[Brief descriptive captions]
==========

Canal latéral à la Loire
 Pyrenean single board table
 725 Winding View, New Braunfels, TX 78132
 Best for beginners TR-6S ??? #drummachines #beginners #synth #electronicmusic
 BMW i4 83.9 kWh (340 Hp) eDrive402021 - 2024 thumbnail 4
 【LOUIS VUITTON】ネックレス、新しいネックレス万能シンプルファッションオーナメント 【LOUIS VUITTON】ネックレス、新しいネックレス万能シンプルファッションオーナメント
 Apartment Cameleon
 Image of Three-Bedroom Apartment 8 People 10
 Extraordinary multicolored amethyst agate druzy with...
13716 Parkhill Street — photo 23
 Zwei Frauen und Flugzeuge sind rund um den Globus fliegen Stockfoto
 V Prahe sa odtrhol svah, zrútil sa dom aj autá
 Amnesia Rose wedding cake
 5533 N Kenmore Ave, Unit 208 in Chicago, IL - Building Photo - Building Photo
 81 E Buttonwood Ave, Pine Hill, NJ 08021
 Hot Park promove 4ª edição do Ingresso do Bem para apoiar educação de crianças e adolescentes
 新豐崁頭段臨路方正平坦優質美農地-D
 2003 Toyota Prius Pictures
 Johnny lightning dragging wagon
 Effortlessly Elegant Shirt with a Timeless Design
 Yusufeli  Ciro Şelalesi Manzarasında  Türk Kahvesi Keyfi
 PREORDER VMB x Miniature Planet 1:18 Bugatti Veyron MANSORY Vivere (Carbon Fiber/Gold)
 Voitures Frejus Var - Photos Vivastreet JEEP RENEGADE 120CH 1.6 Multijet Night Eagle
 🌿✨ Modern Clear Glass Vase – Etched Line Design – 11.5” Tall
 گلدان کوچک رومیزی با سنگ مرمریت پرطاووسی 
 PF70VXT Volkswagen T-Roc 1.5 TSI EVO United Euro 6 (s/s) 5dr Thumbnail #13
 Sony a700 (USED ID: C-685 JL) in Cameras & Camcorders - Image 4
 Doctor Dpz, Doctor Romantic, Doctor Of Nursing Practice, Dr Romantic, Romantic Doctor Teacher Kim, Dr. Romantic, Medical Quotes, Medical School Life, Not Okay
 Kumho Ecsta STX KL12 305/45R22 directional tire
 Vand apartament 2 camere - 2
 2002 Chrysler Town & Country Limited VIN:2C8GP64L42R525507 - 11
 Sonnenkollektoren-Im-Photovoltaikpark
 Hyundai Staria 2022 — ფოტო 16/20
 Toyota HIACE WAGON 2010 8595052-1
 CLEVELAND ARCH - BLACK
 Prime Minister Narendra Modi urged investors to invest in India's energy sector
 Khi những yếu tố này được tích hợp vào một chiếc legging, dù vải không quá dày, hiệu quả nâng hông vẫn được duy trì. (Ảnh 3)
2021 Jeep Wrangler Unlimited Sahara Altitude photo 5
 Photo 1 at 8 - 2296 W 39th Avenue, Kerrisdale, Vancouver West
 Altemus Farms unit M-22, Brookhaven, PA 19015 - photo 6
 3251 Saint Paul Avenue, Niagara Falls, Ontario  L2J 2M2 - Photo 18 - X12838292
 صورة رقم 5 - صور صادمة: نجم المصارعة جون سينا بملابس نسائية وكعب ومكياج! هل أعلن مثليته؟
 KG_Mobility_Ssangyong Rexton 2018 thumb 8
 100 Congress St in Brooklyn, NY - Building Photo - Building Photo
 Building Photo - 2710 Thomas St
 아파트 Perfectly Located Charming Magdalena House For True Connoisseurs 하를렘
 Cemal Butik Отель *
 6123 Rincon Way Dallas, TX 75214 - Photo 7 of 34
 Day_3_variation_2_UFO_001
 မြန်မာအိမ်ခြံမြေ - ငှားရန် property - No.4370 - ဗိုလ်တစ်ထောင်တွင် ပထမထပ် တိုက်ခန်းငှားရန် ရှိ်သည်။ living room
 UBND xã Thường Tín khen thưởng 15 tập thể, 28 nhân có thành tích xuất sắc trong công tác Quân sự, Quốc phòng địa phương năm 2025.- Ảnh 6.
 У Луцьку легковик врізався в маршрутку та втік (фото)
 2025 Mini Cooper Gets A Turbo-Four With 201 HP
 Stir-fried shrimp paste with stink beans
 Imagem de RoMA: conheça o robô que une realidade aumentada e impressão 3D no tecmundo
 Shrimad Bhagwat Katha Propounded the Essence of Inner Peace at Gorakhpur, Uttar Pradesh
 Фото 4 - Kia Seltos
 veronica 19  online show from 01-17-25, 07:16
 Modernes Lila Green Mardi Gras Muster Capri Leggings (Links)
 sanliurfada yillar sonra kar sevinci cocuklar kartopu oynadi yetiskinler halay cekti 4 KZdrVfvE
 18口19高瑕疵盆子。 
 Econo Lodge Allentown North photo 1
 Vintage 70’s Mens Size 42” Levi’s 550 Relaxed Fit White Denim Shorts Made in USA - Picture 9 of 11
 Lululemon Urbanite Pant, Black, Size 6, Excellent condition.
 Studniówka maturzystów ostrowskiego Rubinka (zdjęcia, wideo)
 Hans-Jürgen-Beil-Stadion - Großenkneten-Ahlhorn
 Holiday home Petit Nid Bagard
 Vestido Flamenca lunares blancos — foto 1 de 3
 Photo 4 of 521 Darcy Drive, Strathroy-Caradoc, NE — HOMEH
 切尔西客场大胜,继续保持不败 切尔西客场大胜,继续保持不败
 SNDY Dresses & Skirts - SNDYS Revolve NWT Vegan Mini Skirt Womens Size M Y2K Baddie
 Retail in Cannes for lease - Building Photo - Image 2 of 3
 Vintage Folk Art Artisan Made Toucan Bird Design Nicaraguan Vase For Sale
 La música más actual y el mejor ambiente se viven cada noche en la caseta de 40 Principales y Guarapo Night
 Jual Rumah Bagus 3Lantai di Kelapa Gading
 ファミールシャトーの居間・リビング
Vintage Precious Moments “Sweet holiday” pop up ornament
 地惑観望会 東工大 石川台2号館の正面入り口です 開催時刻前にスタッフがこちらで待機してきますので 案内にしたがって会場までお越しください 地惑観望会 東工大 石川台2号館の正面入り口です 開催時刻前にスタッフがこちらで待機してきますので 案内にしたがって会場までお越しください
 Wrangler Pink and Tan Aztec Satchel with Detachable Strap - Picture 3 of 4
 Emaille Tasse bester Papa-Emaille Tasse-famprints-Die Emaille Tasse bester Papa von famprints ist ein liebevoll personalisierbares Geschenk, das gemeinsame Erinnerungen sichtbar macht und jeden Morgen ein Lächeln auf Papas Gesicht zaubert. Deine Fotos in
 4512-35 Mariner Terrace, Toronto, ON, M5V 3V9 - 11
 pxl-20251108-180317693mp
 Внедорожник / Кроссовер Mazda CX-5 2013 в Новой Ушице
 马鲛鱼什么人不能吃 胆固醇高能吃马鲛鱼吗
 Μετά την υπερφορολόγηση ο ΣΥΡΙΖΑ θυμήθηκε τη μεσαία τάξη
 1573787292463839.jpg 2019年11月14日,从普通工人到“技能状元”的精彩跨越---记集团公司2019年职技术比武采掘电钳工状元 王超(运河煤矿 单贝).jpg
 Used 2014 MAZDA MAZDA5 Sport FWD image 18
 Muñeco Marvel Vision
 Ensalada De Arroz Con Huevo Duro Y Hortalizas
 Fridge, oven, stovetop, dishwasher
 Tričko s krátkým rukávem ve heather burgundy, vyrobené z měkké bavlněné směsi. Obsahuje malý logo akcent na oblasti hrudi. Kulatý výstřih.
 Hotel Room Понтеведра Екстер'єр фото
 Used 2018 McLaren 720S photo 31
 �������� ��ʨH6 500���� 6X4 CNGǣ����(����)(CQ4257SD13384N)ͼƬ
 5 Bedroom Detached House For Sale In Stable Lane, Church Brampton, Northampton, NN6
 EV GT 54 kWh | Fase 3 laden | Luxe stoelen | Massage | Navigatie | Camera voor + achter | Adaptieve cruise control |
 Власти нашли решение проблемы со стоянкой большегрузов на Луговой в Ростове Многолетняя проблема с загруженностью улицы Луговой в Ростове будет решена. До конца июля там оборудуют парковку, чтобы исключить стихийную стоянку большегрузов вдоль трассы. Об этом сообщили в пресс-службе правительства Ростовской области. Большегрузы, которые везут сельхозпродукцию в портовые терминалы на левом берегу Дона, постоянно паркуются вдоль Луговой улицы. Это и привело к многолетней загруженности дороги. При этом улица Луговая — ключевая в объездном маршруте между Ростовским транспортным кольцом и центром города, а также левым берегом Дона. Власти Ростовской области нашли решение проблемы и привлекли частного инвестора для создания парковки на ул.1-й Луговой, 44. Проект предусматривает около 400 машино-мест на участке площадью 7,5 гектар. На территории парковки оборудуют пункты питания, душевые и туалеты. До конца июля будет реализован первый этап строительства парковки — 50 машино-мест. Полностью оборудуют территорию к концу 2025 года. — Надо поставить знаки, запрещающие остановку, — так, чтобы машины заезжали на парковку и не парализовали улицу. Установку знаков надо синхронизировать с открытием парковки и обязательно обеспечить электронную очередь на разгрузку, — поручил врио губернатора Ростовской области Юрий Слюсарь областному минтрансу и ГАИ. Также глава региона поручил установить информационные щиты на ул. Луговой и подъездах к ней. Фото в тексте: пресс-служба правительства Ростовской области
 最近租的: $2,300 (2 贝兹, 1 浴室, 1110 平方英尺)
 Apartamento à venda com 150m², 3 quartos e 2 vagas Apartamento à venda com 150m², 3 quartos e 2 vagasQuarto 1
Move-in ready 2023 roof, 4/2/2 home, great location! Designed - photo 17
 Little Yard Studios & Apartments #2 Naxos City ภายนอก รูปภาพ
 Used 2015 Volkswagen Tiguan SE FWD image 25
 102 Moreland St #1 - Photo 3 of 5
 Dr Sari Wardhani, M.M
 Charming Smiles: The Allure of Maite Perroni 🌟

==========

** WHAT IS REQUIRED **
What is needed is each line of the entries that contains the word "Charming".

** WRITTEN RESPONSE **
 아파트 Perfectly Located Charming Magdalena House For True Connoisseurs 하를렘
 Charming Smiles: The Allure of Maite Perroni 🌟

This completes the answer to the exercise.